I'm trying to walk through the standard proof of uncountability of the reals. I assume there is a surjection $f: \mathbb{N} \to \mathbb{R}$, and for every $f(n)$, I write out their decimal expansions: \begin{align*} f(0) & = a_{00} . a_{01} a_{02} a_{03} \\ f(1) & = a_{10} . a_{11} a_{12} a_{13} \\ f(2) & = a_{20} . a_{21} a_{22} a_{23} \\ & \vdots \end{align*} and then construct a real number not in the image. In the proof I have in mind, there are two steps I take which I believe require choice:
(a) When I write out the decimal expansions of $f(n)$, I want to say, "if it doesn't have a unique decimal expansion, choose the one with an infinite string of zeroes rather than an infinite string of $9$'s."
(b) When I define $b = b_0 . b_1 b_2 \ldots$, I want to say for every $j$, choose $b_j \neq a_{jj}$ and $b_j \neq 9$. I am fairly sure this requires the axiom of choice.
In each step, I'm making a finite choice, but I'm doing it infinitely many times. Am I correct that both of these steps require the axiom of choice?

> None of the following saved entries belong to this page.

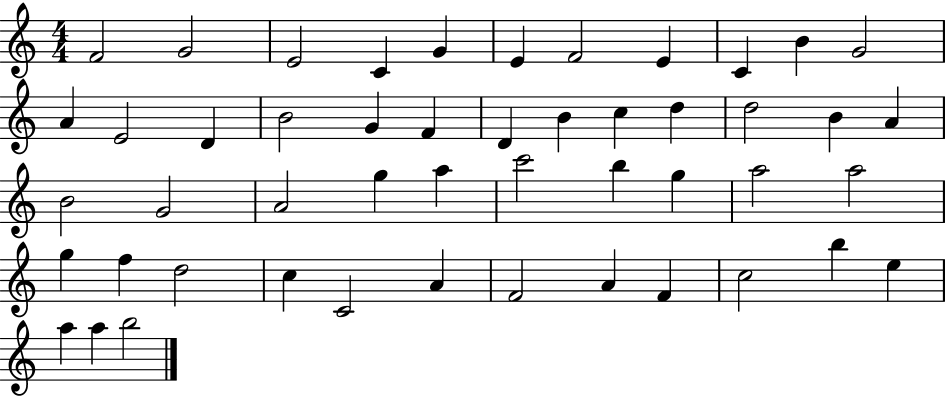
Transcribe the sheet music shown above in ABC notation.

X:1
T:Untitled
M:4/4
L:1/4
K:C
F2 G2 E2 C G E F2 E C B G2 A E2 D B2 G F D B c d d2 B A B2 G2 A2 g a c'2 b g a2 a2 g f d2 c C2 A F2 A F c2 b e a a b2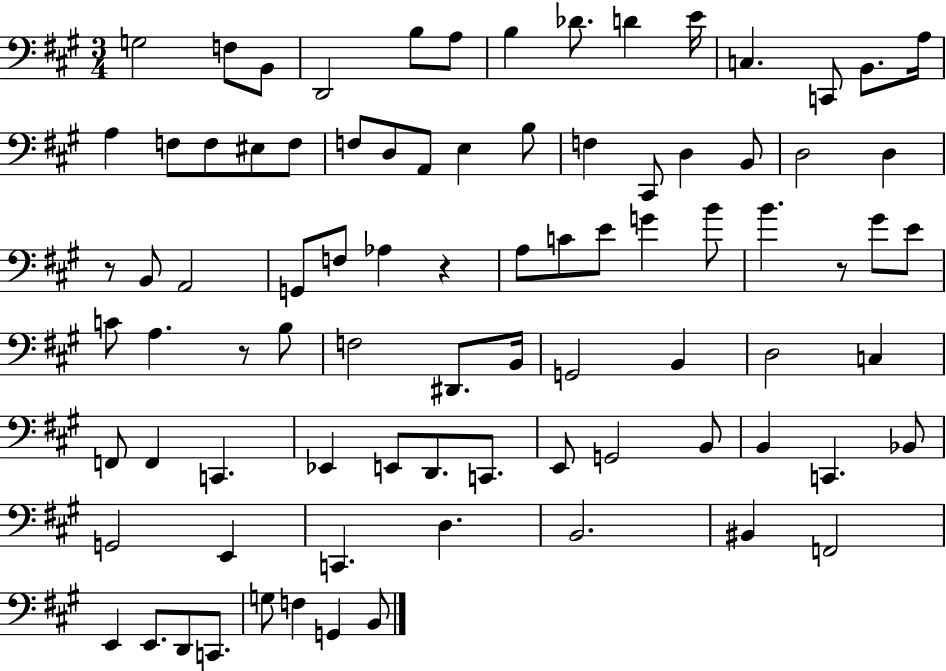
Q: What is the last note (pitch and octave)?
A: B2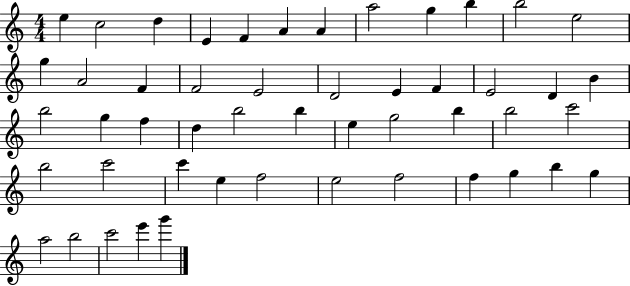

Neither of these requires the axiom of choice. You can explicitly write down the choice function in both cases: in the first case you already have, and in the second case you can choose $b_j$ to be the smallest possible admissible digit. This is a proof of the uncountability of $\mathbb{R}$ in ZF.
You didn't ask about this, but it is also completely unnecessary to assume that $f$ is a surjection; you make no use of that hypothesis in the proof. The proof simply constructs, for every function $f : \mathbb{N} \to \mathbb{R}$, a real number not in the image of $f$, which proves that no such function can be surjective. There is no need to invoke proof by contradiction; this is a direct proof that $\mathbb{R}$ is uncountable.